Through this blogpost we are going to gain in-depth understanding of Generative Models, why we need them, along with current taxanomy. But before diving into the Why?, What? of Generative Models, let us consider a simple example of trained Deep Neural Network(DNN) that classifies images of animals. Although the network is trained so well but adding noise to image could output false classification, even though noise added to image doesn’t change the semantics under human perception. This example indicates that neural networks that are used to parameterize the conditional distribution \(p(y|\textbf{x})\) seem to lack semantic understanding of images. A useful model in real world will not only output probability of correctness of classification for example but will be able to tell its level of uncertainity for the answer.

Why Generative Modelling?

Deep Learning models cannot go on making decision about the problems without understanding the reality, and express uncertainity about surrounding world. Assume we have some two-dimensional data and new data-point to be classified. Now, there are two approaches we can use to solve this problem. First, classifier could estimate the result by modelling conditional distribution \(p(y|\textbf{x})\). Second, we can consider joint distribution \(p(\textbf{x}, y)\) that could be further decomposed as \(p(\textbf{x}, y)=p(y|\textbf{x})p(\textbf{x})\).

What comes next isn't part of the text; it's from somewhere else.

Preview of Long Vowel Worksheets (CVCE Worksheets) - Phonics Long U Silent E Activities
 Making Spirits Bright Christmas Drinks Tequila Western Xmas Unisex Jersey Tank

And example of data (left) and two approaches to decision making: (middle) a discriminative approach and (right) a generative approach

And example of data (left) and two approaches to decision making: (middle) a discriminative approach and (right) a generative approach

In the above figure, both the approaches i.e. discriminative and generative have made a decision boundary. On one hand former is quite certain of “X” being a part of blue region whereas latter uses \(p(\textbf{x})\) to account for additional understanding. Now, “X” lies far from orange zone, but also does not lie in the region of high probability mass in blue zone due to which generative approach said \(p(\textbf{x})\) as low. And, if we want these models to be communicative enough such that as humans we can understand why thy are making decisions that they are making, that would be a crucial skill to exploit.

Significance of p(x)

From the generative perspective, knowing the distribution \(p(\textbf{x})\) is essential because:

  • It could be used to assess whether a given object has been observed in past or not.
  • It could help to properly weight the decision.
  • It could be used to assess uncertainity about the environment.
  • It could be used to actively learn by interacting with environment( e.g. by asking for labeling objects with low \(p(\textbf{x})\))
  • It could be used to generate (syntheize) new objects.

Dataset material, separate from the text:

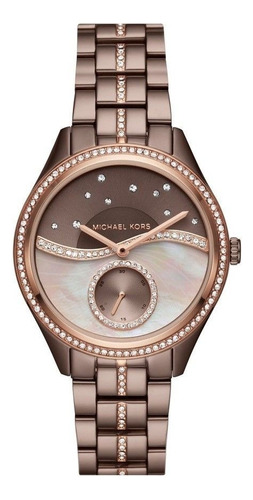 Reloj de pulsera Michael Kors Lauryn Mk3757 de cuerpo color ver foto, analógico, para mujer color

Though, some if not most of the readers might be ignorant to the use of \(p(\textbf{x})\) only as generator of new data, but above points bring into varied perspectives of it. And at this point, the sail that once started from island of discriminative modelling brought us to the vast land of generative modelling.

Where Can we use (Deep) Generative Modelling?

Deep Generative Modelling need high computational power for training and with the advent of GPU and Deep Learning Frameworks like PyTorch, TensorFlow etc we have seen vast applications thereof.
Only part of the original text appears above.